On May 19, about 20 members of the SEIU --- NYSD nurses, techs, and secretaries wearing purple and yellow SEIU T-shirts --- were picketing in front of the Clinton Crossings location. It was an unusual sight in an otherwise drab business park, with picketers sometimes met with shouts of support or opposition from passing cars.

"I worked at Strong for 29 years until NYDS took over," said Cathy Witkousky, an RN. "We all came from a background where you really cared about your patients. These people are profits first, so a lot of the more experienced employees have left. I took a cut in benefits to keep this job. I love my patients and their families. I didn't want to abandon them now."

"This is a technical job that is always changing," said Witkousky. "You have to keep up in order to stay certified in this specialty. They don't assist with certification. If you had someone coming at you with a needle, wouldn't you like to know how well trained they are?"
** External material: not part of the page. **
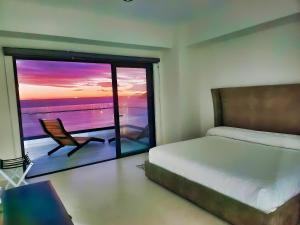 马萨特兰The Altomare - Seaview.的一间带床的卧室，可欣赏海景 更多16张照片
"In some cases, we have been so short staffed that the nurses don't even have time to give input to the tech," said Witkousky.

Speicher agrees: "You get accustomed to the staff. When you have so much turnover, you don't know what they're going to be like. There are two needles with this machine, and a bunch of tubes. It's an anxiety that you don't need on a regular basis."

And, she says, patients who are unhappy can't simply change dialysis providers. "Changing units is not that easy," says Speicher. "You have to see if the other facility can fit you in. If you work, there's that schedule to consider. It takes a lot of juggling, and some patients feel it may not be worth it."

Significantly, Strong sold its dialysis unit to NYDS "because the cost of buying and maintaining dialysis equipment has become prohibitive," says hospital spokesperson Teri D'Agostino. And for all health-care consumers, the dialysis-unit experience is instructive.

"This is part of a trend," says D'Agostino, "where you will see hospitals divesting themselves from operations like this, and companies that specialize in it buying them up." Strong has had no complaints from NYDS patients regarding deteriorating services, says D'Agostino, and state law requires NYDS to address patient complaints.

And NYDS spokesperson Val Riley insists that patients are the company's top priority. "We are committed to and focused on giving patients good care," she says.

"I don't think it has anything to do with whether the company is for-profit or a not-for-profit," says Jan Miller, executive director for the National Kidney Foundation of Upstate New York. While she would not comment on the contract negotiations with NYDS, she did say that concerns over costs and services related to chronic kidney disease are not likely to change any time soon.

Today, 20 million Americans --- one out of every nine adults --- have chronic kidney disease, and according to the National Kidney Foundation, many of them don't even know they have it.

"The diabetes epidemic in this country has caused the number of [kidney disease] cases to rise dramatically in the last few years," Miller says. "It is the Number 1 cause of kidney disease. There are 270 people on the kidney transplant waiting list at Strong. Only 70 were performed there last year."

"The waiting time for an organ transplant is up to five years," says Miller. "Ten years ago, it was only one year. You can see the trend. And you can see that the demand for dialysis is growing all across the country."

And some observers say the situation in Rochester may be a bellwether for specialized health care all across the country, as an aging population that is more prone to chronic disease deals with higher costs for care.